## Task directions
With the pictures set aside, write out all of the data exactly as it stands.

## Entries supplied

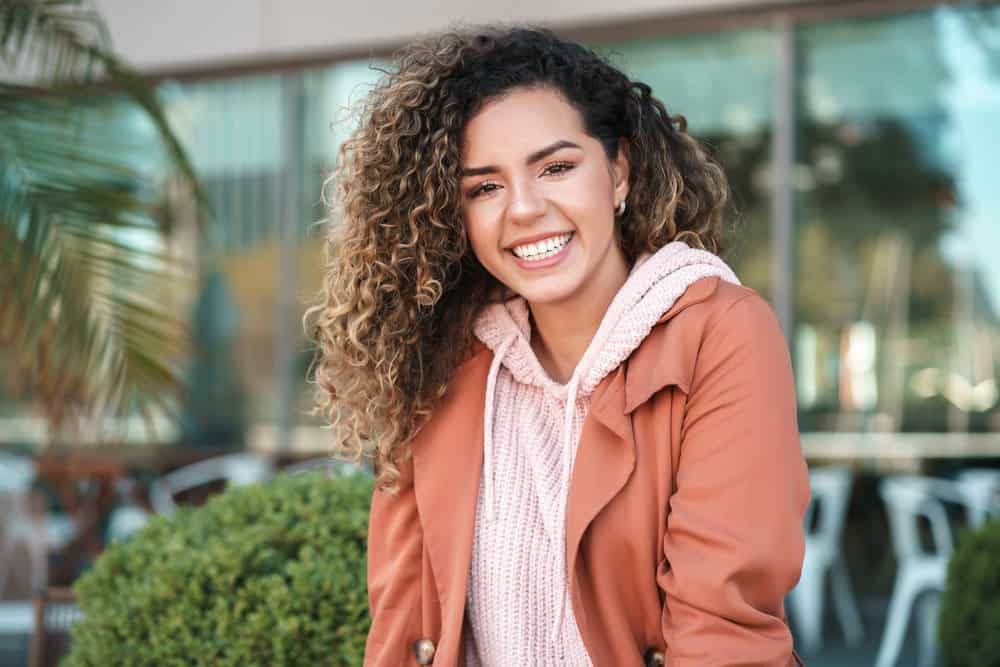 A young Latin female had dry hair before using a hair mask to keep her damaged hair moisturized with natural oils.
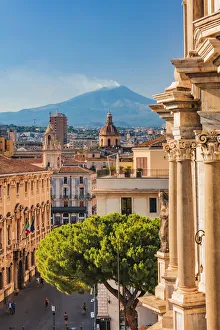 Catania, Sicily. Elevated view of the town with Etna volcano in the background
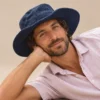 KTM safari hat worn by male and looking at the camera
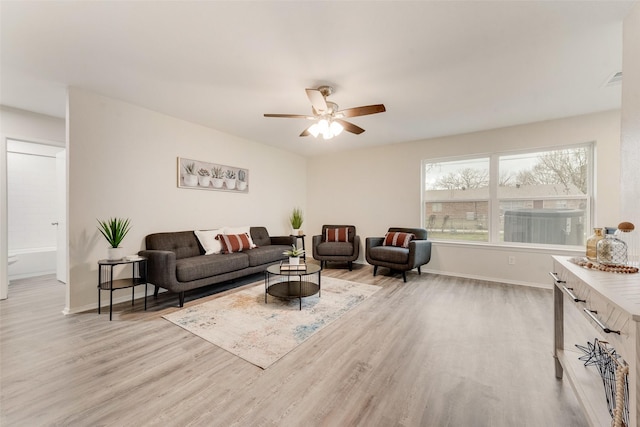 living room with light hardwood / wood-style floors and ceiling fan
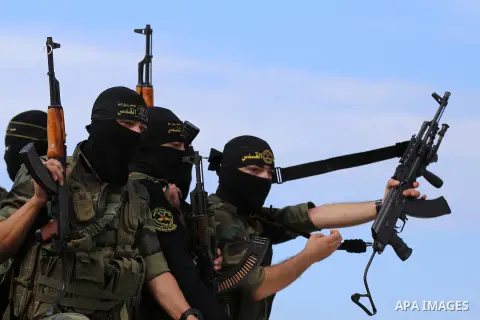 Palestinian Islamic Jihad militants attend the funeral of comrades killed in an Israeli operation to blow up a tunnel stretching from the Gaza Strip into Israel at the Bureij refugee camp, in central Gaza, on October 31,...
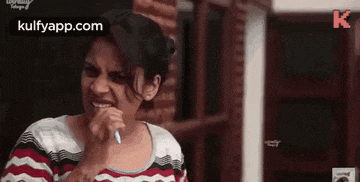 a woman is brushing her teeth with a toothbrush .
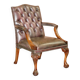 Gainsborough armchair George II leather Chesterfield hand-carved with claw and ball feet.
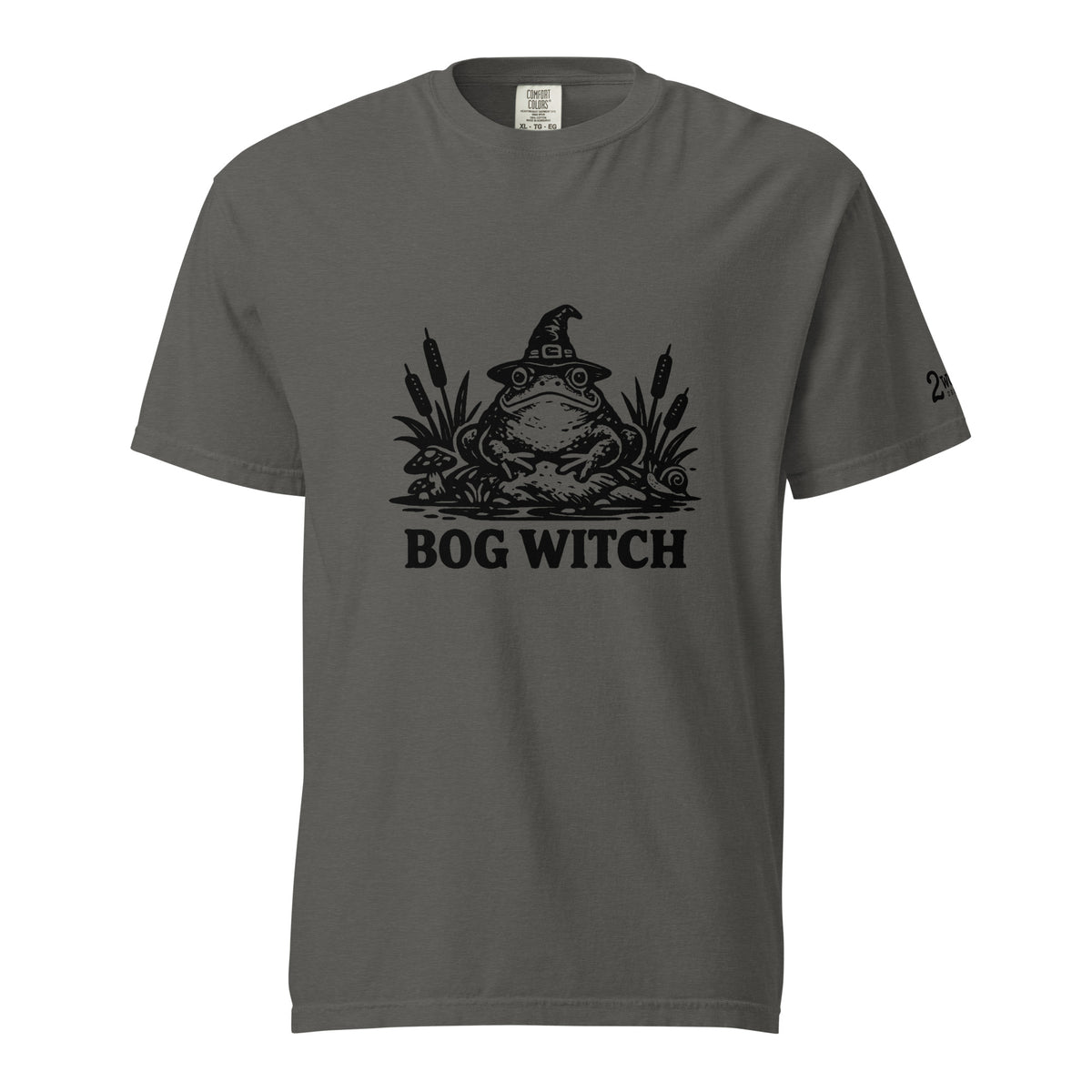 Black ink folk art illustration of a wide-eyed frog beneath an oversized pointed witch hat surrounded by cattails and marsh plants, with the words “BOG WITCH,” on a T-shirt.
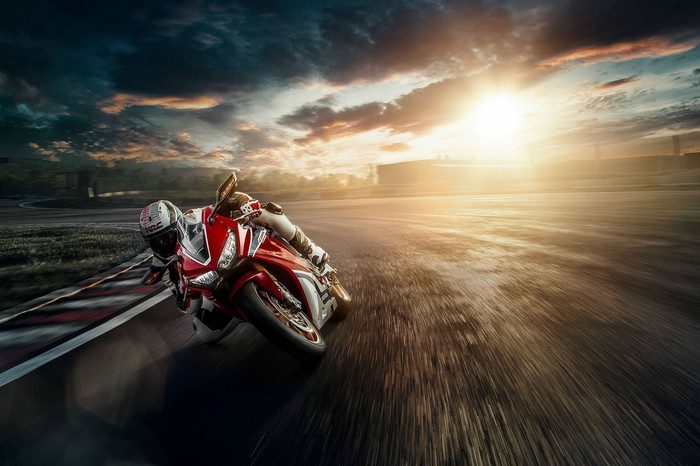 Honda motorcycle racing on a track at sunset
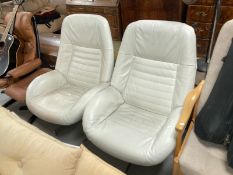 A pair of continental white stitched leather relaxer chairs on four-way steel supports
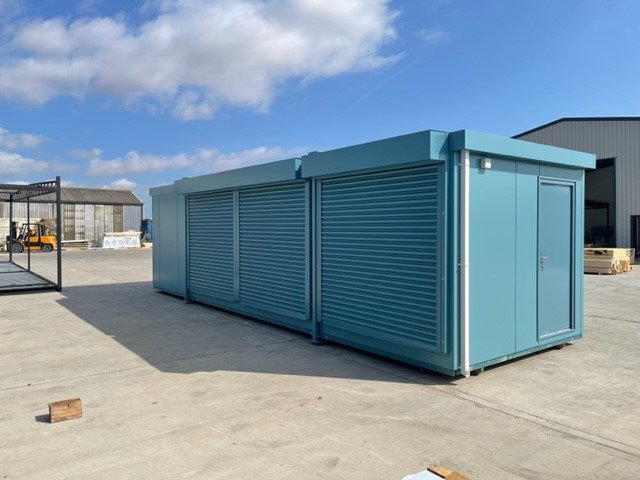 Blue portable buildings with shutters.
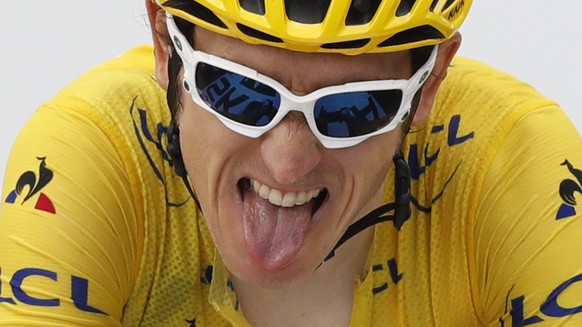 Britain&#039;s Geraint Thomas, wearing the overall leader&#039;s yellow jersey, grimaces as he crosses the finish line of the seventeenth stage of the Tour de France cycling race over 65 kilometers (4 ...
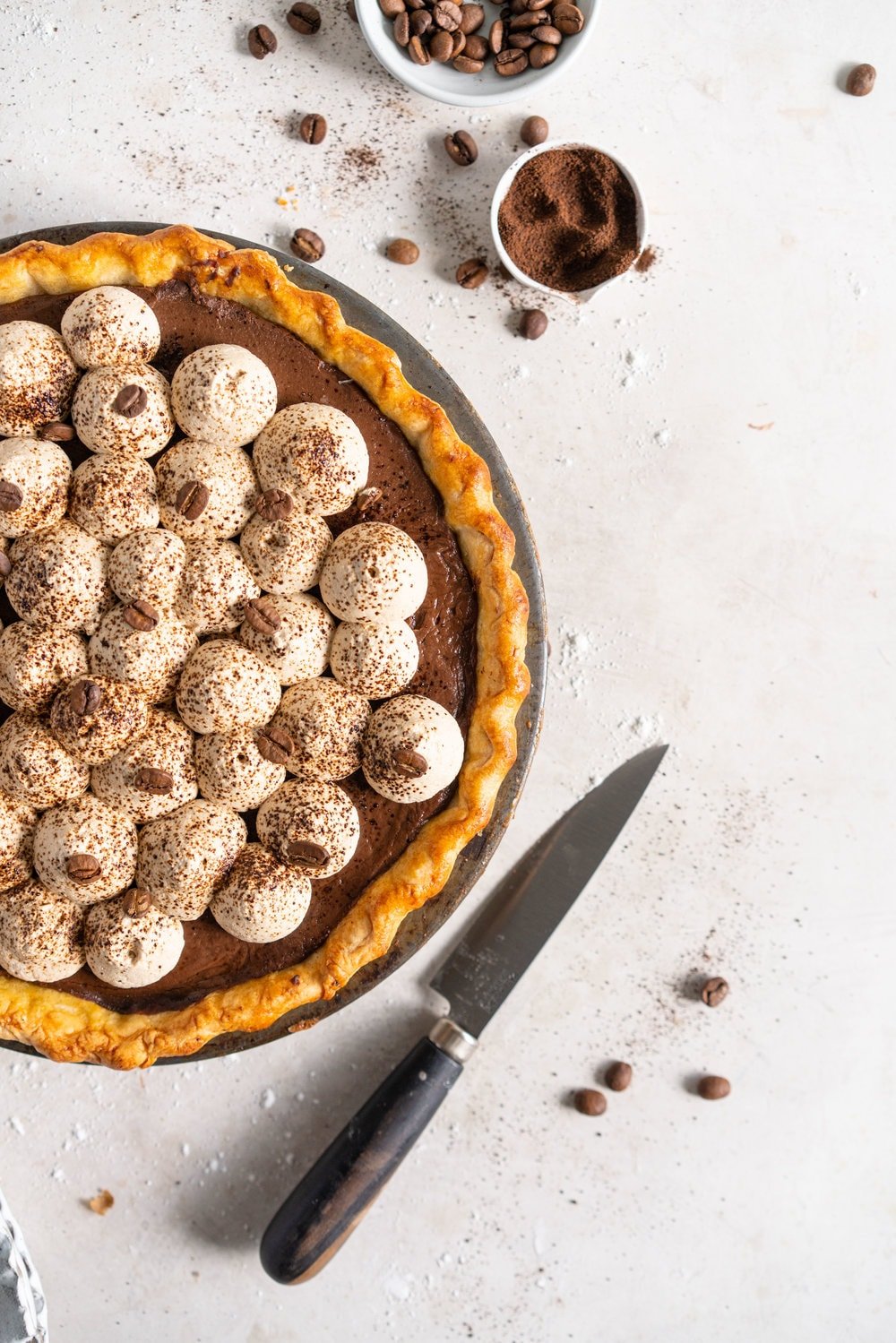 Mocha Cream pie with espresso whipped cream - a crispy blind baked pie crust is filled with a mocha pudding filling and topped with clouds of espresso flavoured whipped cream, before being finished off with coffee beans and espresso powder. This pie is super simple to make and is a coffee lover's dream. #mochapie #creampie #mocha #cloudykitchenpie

## Output for this exercise
 A young Latin female had dry hair before using a hair mask to keep her damaged hair moisturized with natural oils.
 Catania, Sicily. Elevated view of the town with Etna volcano in the background
 KTM safari hat worn by male and looking at the camera
 living room with light hardwood / wood-style floors and ceiling fan
 Palestinian Islamic Jihad militants attend the funeral of comrades killed in an Israeli operation to blow up a tunnel stretching from the Gaza Strip into Israel at the Bureij refugee camp, in central Gaza, on October 31,...
 a woman is brushing her teeth with a toothbrush .
 Gainsborough armchair George II leather Chesterfield hand-carved with claw and ball feet.
 Black ink folk art illustration of a wide-eyed frog beneath an oversized pointed witch hat surrounded by cattails and marsh plants, with the words “BOG WITCH,” on a T-shirt.
 Honda motorcycle racing on a track at sunset
 A pair of continental white stitched leather relaxer chairs on four-way steel supports
 Blue portable buildings with shutters.
 Britain&#039;s Geraint Thomas, wearing the overall leader&#039;s yellow jersey, grimaces as he crosses the finish line of the seventeenth stage of the Tour de France cycling race over 65 kilometers (4 ...
 Mocha Cream pie with espresso whipped cream - a crispy blind baked pie crust is filled with a mocha pudding filling and topped with clouds of espresso flavoured whipped cream, before being finished off with coffee beans and espresso powder. This pie is super simple to make and is a coffee lover's dream. #mochapie #creampie #mocha #cloudykitchenpie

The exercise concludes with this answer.